*DIRECTIONS*. For this exercise, copy exactly the lines below from the one with "Vesminte preoțești combinate, din" through the one with "Patent Lacca Small Nuage Hobo Purple" and leave out the pictures.

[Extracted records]
====

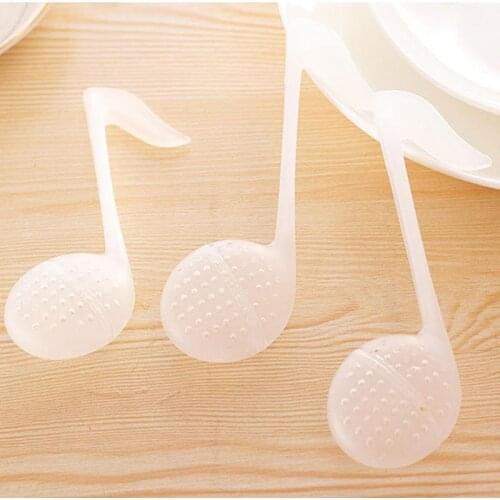 Music Note Shape Tea Strainers Cute Useful Tea Infuser Tea Leaf Strainer Filter Diffuser Plastic Tea Spoon Filter Kitchen Tools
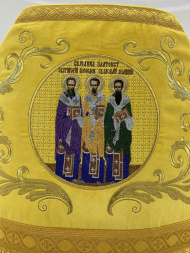 Vesminte preoțești combinate, din brocart, cu epitrahil brodat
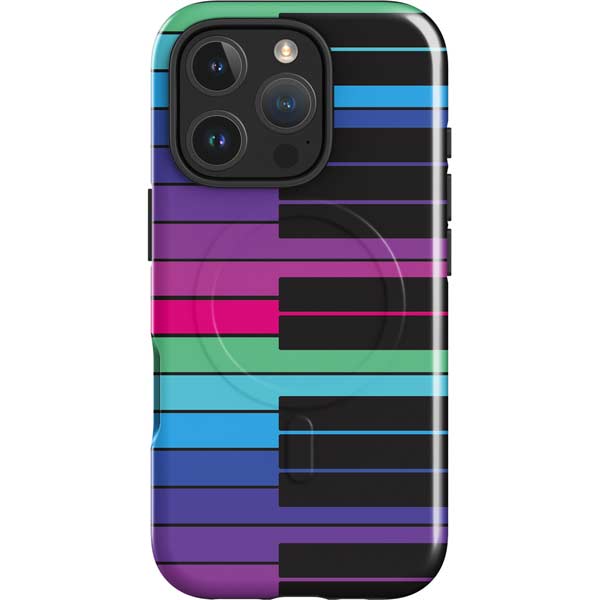 Color Piano Keys iPhone 16 Pro Magsafe Impact Case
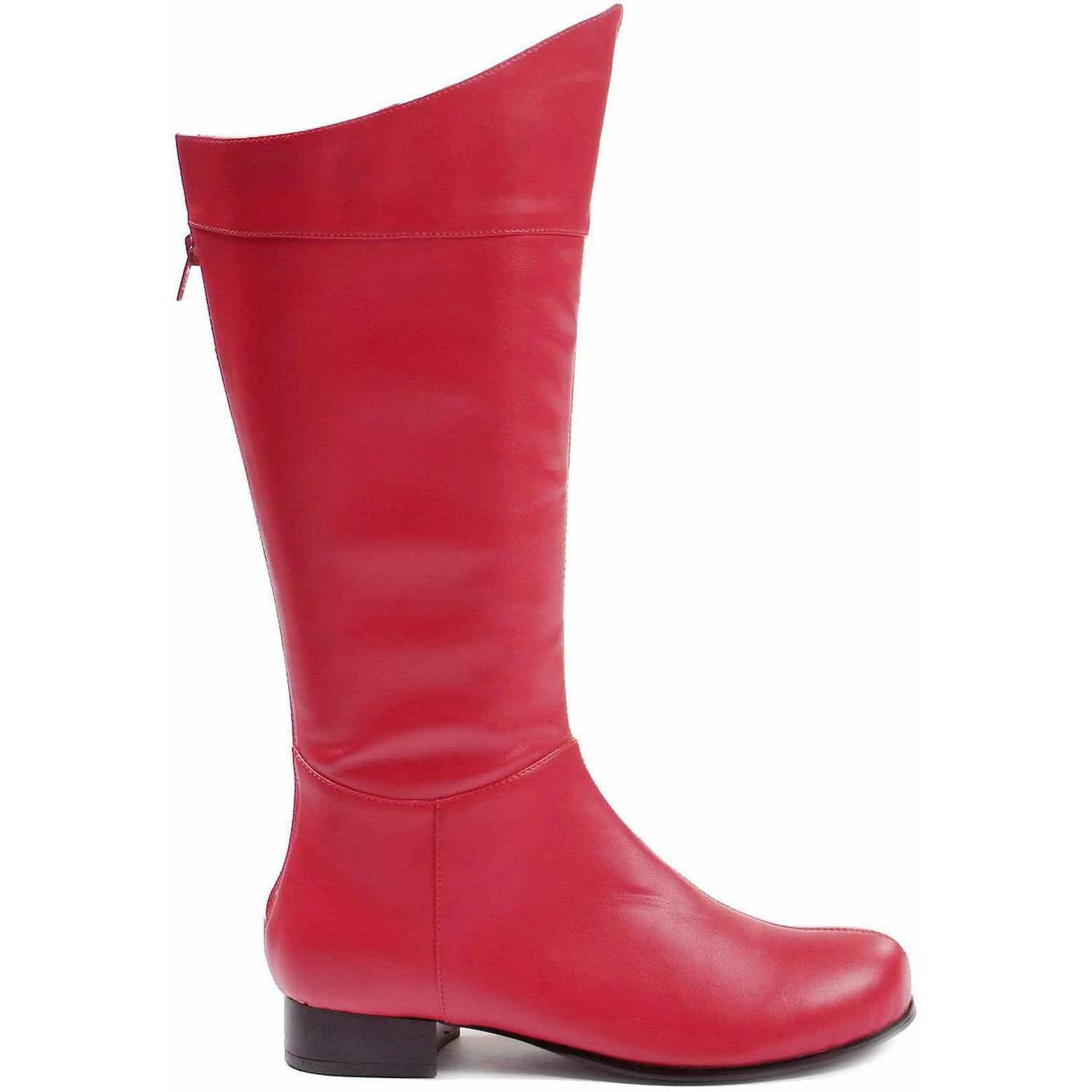 Captain Shoes Deluxe Red PU Boots Fashion Cosplay Costume Accessory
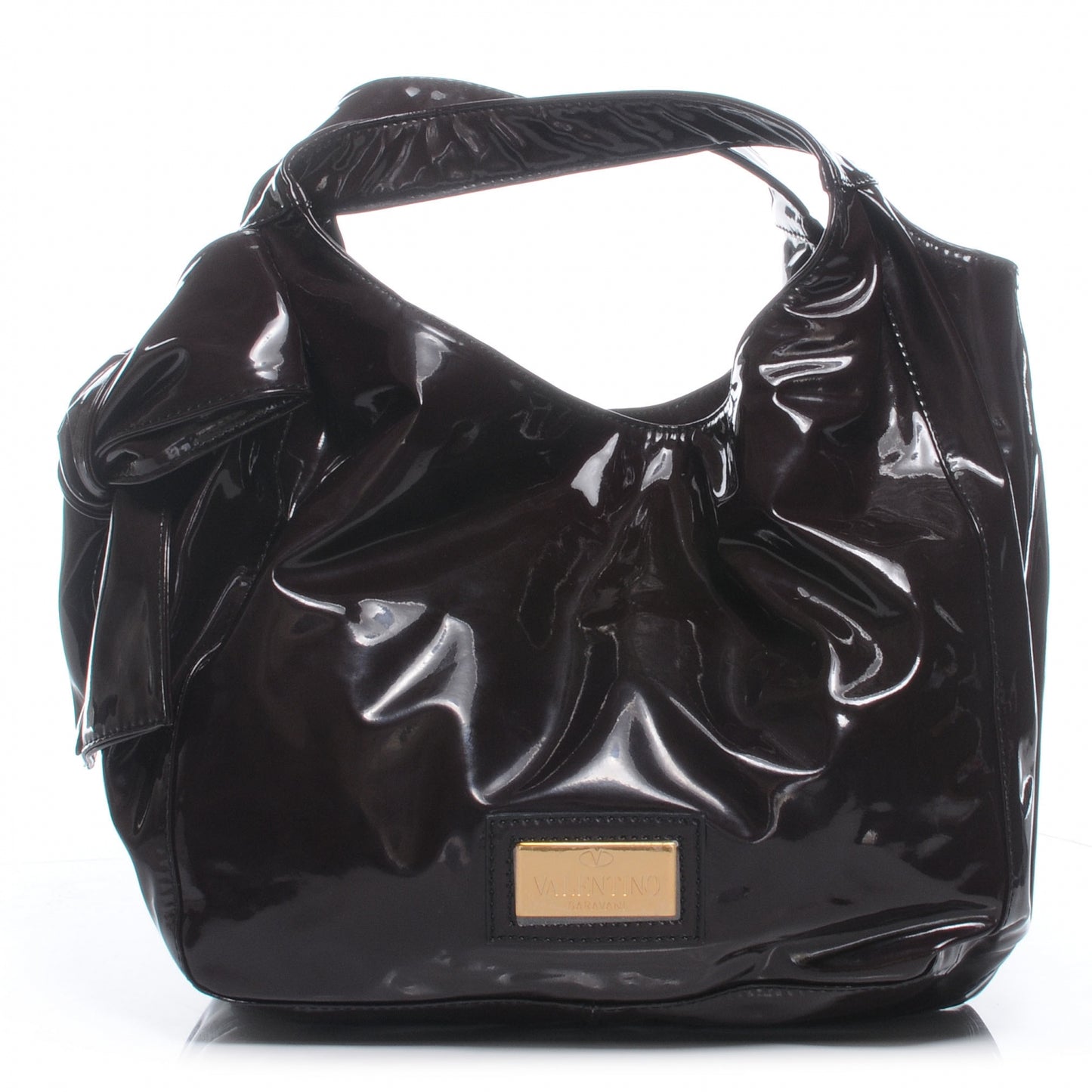 Patent Lacca Small Nuage Hobo Purple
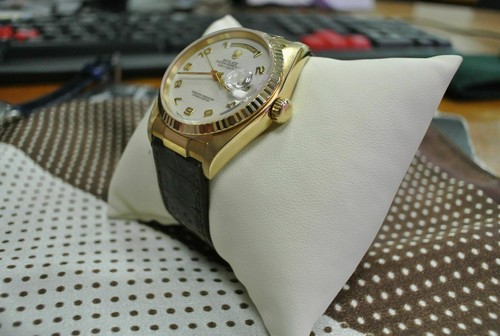 2 CUSTOM STRAP END LINK PIECE FOR ROLEX PRESIDENT 18038 18039 18238 18239 GOLD - Picture 4 of 6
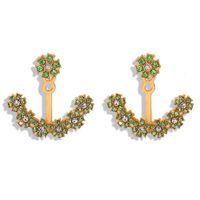 Alloy Diamond Earrings Simple Earrings Fashion Earring Accessories Korean New Earrings sku image 2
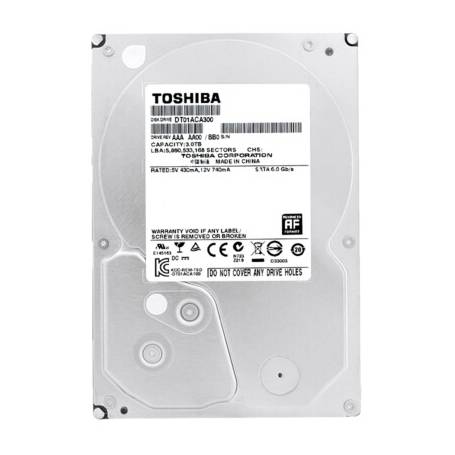 Toshiba DT01ACA300 3 To 3.5" SATA Disque dur HDD 7200 tr/min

====

*EXERCISE OUTPUT*.
 Vesminte preoțești combinate, din brocart, cu epitrahil brodat
 Color Piano Keys iPhone 16 Pro Magsafe Impact Case
 Captain Shoes Deluxe Red PU Boots Fashion Cosplay Costume Accessory
 Patent Lacca Small Nuage Hobo Purple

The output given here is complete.